Friday, March 27, 2015

The shibboleth of modernity. . .

From Breitbart:

Students at Kings College London (KCL) have successfully campaigned for the removal of a window featuring former Archbishop of Canterbury Lord Carey, an alumnus of the college, on the grounds that his stance on gay marriage makes him “homophobic”.  The move comes despite Carey’s reputation as a liberal while he was Archbishop, ushering in the ordination of women priests for the first time in the Church’s history.

He particularly attracted their ire during a debate on same sex marriage held at a fringe event at the Conservative Party conference in 2012. Lord Carey made a point about the new sanctity awarded to equality, saying: “It seems to me that so many of our current problems revolve around the all-too narrow attempt to make equality the controlling virtue. Acceptance of differences does not challenge equality. We are not the same.  Men and women are equal in the sight of the Lord but that is a statement about our legal status and not our identity. Same sex relationships are not the same as heterosexual relationships and should not be put on the same level.”

It was the last sentence in particular that angered the campaigners, who branded Lord Carey a “homophobe” and a “hate figure”, and began to campaign for the window’s removal. 

Modernity shouts diversity and condemns suppression EXCEPT for that which disagrees with its sacred values.  In a very short period of time the modern shibboleth has become gay rights and gay marriage.  It will not be long before every other right must bow at this altar -- including freedom of religion.  When that day comes we will discover just how fragile freedom truly is and just how effective an enemy is the thought and speech police who get to define what a homophobe is and what will not be tolerated in public conversation.  Churches need to pay attention to this for it will not be long before tax status and legal rights are stripped from everyone who dares to speak against that which once dared not speak its name at all.  It is also, sadly, a tacit admission of the bankruptcy of British culture and values that this is happening more and more in jolly old England.

Thursday, March 26, 2015

The first casualty is usually the truth. . .

Read The National Review for an article on the push back to the Archbishop's desire to have teachers in Roman Catholic schools actually teach in line with Roman Catholic teaching.  It is not that difficult and certainly no stretch of the imagination to believe that those who teach in Roman Catholic schools would actually teach in line with Roman Catholic teaching -- whether or not they personally believe such.  Yet it is clear that when it comes to the highly organized and well funded gay lobby, this is exactly the things being challenged.

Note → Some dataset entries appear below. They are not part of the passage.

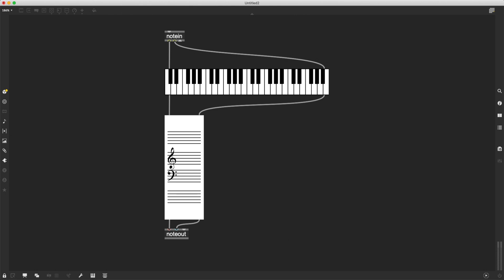And then to create a scale, we can add different intervals on top of this root note. So to create the A major scale, I can just add a major second, a major third, a perfect fourth, fifth, major sixth, major seventh, on top of this root note.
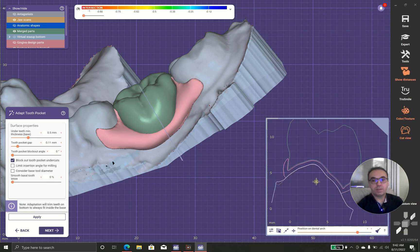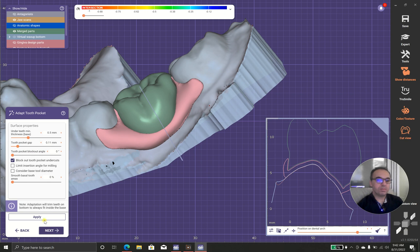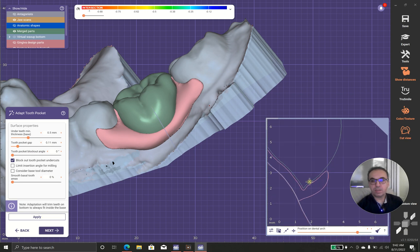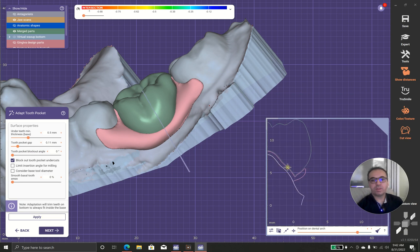And as you can see, there is a gap between the teeth and the basal part. This makes a more beautiful result.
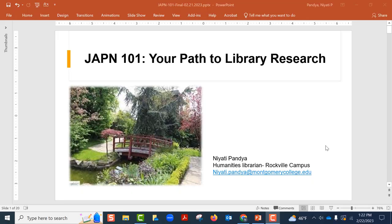Welcome to the MC Library. This is a customized presentation for the Japan 101 course. There are a few short videos in this presentation. Please follow the accompanying PowerPoint slides along with the embedded videos to get a better understanding of the research process for your project.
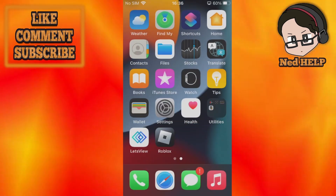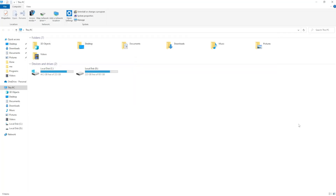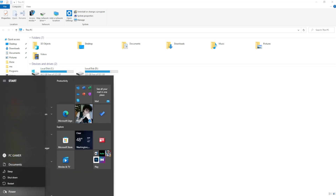Now switching to PC. Basically what you have to do is open up your computer, go to your C drive and free up some space. Delete some applications that you don't use, and after that just click on the power button right here and restart your PC.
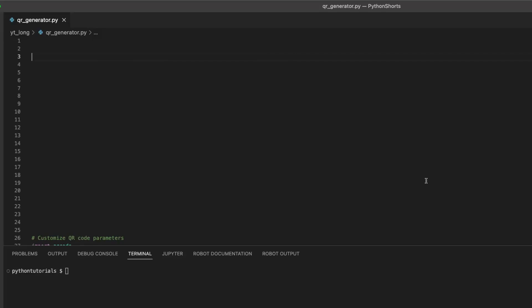Hey there! Today, I'm going to show you how to create a QR code generator using Python.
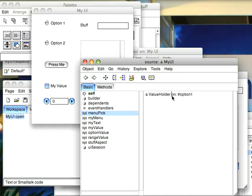So that's pretty much it for today. We've gone through the menu builder and we've gone through the menu button. Seen how to dynamically create a menu and how to use it. Until next time, have fun with Smalltalk.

First they will characterize the teaching as rigid.  It is a typical move to paint orthodoxy as rigid, unbending, heartless, and unfeeling.  Who would agree with orthodoxy if it meant surrendering your heart at the door.

Next they will characterize orthodoxy as out of step with the people in the church.  How many times have we not heard orthodoxy described as not the mainstream of people's thinking or a stretch for the average person in the pew?  Here the point will be made that because there are Roman Catholics who disagree with the church's position, the position must change to fit the people's viewpoint.

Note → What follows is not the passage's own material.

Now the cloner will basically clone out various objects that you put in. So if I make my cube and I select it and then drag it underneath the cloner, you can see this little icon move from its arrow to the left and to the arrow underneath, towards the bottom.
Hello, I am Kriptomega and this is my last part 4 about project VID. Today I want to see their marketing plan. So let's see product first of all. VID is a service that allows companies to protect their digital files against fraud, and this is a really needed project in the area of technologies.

And then, of course, they will attempt to discredit the moral high ground of those who press for orthodoxy.  But this is and has never been about who is holier -- it is about the unchanging teachings of a church and the ordinary expectation that a school that wears the church's name should be expected to teach and practice in conformity with that teaching.

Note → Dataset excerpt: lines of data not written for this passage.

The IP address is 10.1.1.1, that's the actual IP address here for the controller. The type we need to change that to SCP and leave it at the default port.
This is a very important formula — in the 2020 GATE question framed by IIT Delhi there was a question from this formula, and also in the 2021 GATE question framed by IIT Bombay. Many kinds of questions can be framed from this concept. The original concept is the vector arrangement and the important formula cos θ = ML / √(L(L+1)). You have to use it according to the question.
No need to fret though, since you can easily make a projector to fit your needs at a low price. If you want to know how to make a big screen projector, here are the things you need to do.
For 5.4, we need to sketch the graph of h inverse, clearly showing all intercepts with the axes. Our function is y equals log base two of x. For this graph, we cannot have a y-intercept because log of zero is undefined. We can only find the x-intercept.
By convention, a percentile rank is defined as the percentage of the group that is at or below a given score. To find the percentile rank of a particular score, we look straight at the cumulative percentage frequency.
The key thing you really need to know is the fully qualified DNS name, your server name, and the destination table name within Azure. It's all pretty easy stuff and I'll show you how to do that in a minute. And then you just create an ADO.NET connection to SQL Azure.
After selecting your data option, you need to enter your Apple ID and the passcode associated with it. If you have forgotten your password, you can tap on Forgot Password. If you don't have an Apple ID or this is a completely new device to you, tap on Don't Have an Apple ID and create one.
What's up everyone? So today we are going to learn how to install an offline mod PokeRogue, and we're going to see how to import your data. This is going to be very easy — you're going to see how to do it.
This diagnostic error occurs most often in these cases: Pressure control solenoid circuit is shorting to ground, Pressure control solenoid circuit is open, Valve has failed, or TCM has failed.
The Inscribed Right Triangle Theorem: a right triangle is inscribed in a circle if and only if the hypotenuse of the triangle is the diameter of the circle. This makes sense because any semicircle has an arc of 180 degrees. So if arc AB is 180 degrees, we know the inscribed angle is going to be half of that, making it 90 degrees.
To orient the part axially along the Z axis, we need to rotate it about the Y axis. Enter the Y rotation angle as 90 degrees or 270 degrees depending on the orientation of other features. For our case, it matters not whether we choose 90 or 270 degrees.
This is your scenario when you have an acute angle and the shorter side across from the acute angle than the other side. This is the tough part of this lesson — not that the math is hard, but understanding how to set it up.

Lest we think this is a uniquely Roman Catholic issue, we Lutherans have seen the Lutheran-ness of our own church schools diluted and weakened to the point where it is hard to identify anything in the curriculum or policies of such a school in conformity with the confessional standards of the church.  A particular example might be the promotion of evolution (we all expect that evolution will be taught informationally but we have a right to expect that it will not be promoted at the expense of Scripture).  Another example would be the area of worship.  Sadly many students in a Lutheran school go to chapels that bear no distinctive marks of Lutheran faith or piety.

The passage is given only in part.